Located deep in the Valais canton, on a sunny terrace with views stretching across endless Alpine peaks, it’s hard not to grin as you step out of the cable car in Bettmeralp. However, this is just the beginning. The real treasure of Bettmeralp lies on the other side of the mountain. Take the gondola to Bettmerhornand you’ll find the Aletsch Glacier which, at 23km, is the longest glacier in the Alps. In places, the ice is deep enough to fit a stack of three Eiffel Towers. From here you can hike along the Aletsch Panoramaweg, which runs alongside glacier, offering a succession of great view points. Save some time for a stroll through the magical larch and mountain pine Aletsch forest, home to the oldest trees in Switzerland. The gnarly, twisted shapes, straight out of Narnia, are up to 900 years old. The best lunch is a picnic overlooking the glacier, but if you’re looking for something more substantial head west to the Riederfurka, a traditional mountain inn with a new funky restaurant. For the really active, each year Bettmeralp hosts a 21km trail run – the Aletsch Halbmarathon – a beautiful though demanding route along the glacier.
Arriving here is an adventure in itself. Take Europe’s first cog railway built in 1871 from Vintznau to arrive at a spell-binding view across the Alps and 13 lakes. The slow and deliberate plodding of the train gives ample time to admire the scenery. Due to Rigi’s location in the center of Switzerland, just a short drive from Lucerne, most of the country is visible from the top on a clear day. In the summer, the gondola operator offers a unique romantic dinner option in the actual cable car. On the ascent, enjoy your starter, before stopping for the main course, followed by dessert on the way down. Reservations are essential. For the early risers, there are special sunrise rides.
Saas-Fee goes by the humble nickname of ‘The Pearl of the Alps’, yet somehow remains off the radar outside the ski season. It lies on a 1800 meter high plateau surrounded by 18 summits over 4000 meters high. The 22 gondolas and mountain trains provide unusually easy access to the high mountains with plenty of panoramic restaurant terraces. For fans of the 1980s, the Fellskin cable car featured in Wham’s classic Last Christmas music video. Skiing is also great here, with close to 150 kilometers of piste in the Saas area. The coverage is helped by the fact many slopes are north-facing. But the chilly temperatures provide plenty of excuses to try out the mountain bars and restaurants. The village is home to a revolving restaurant: at 3500 meters, it is the world’s highest. On a clear day, you can see as far as Lake Maggiore in Italy.

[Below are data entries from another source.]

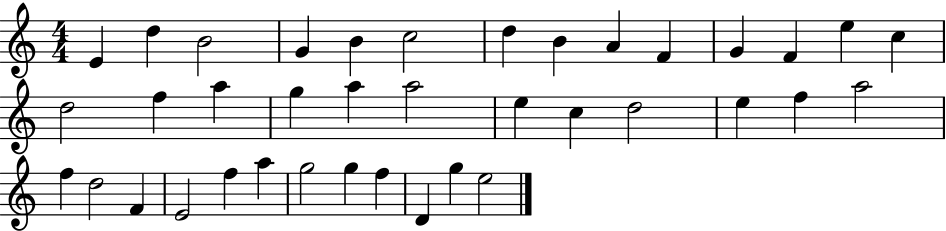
X:1
T:Untitled
M:4/4
L:1/4
K:C
E d B2 G B c2 d B A F G F e c d2 f a g a a2 e c d2 e f a2 f d2 F E2 f a g2 g f D g e2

The list would not be complete without Zermatt, the official birthplace of Swiss mountaineering. With its expansion, Zermatt can no longer be called a village, more a small mountain city with its own share of ugly concrete buildings. However, that view of the Matterhorn reigning over the valley is difficult to replicate. Zermatt’s size makes it the perfect option for less energetic visitors with shopping, great restaurants and some luxurious spa facilities. Don’t miss lunch at Chez Vrony – a fantastic mixture of quirky and traditional with direct views of the Matterhorn. On rainy days, check out the Alpine museum and the dramatic story of the conquest of Matterhorn.

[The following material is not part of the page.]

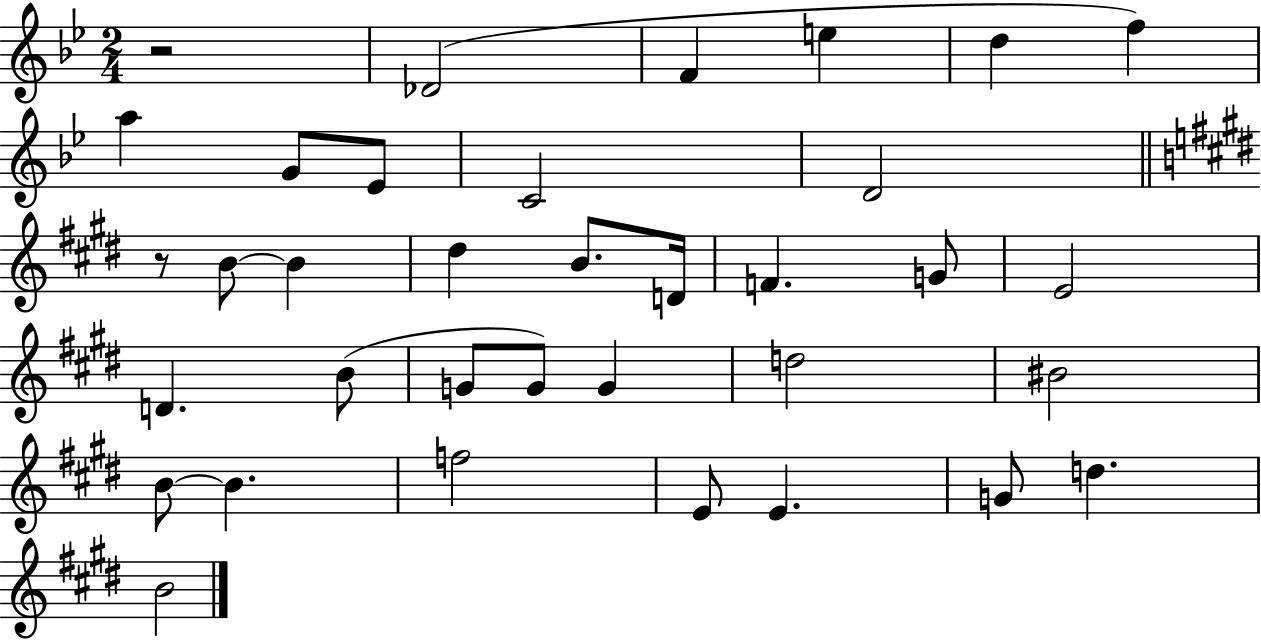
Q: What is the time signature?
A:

Across the valley from the beautiful but packed Wengen is quiet and peaceful Murren, reachable by a cogwheel train from Lauterbrunnen. The village has a 100-year old history as a winter sports destination but remains small with a handful of old wooden chalets mixed with some newer construction. Those in need of inspiration can enjoy a rhum tea accompanied by an apfel-strudel on a terrace whilst enjoying the view onto the Oberland big three of Jungfrau, Mönch and Eiger. Take the cablecar to the top of the Schilthorn, famous as the home of evil-incarnate Blofeld in the James Bond classic, ‘On Her Majesty’s Secret Service.’ The exhibition, Bond World 007, contains interactive displays, including the bobsleigh used in the film, and showcases some of the filming techniques in such an extreme location.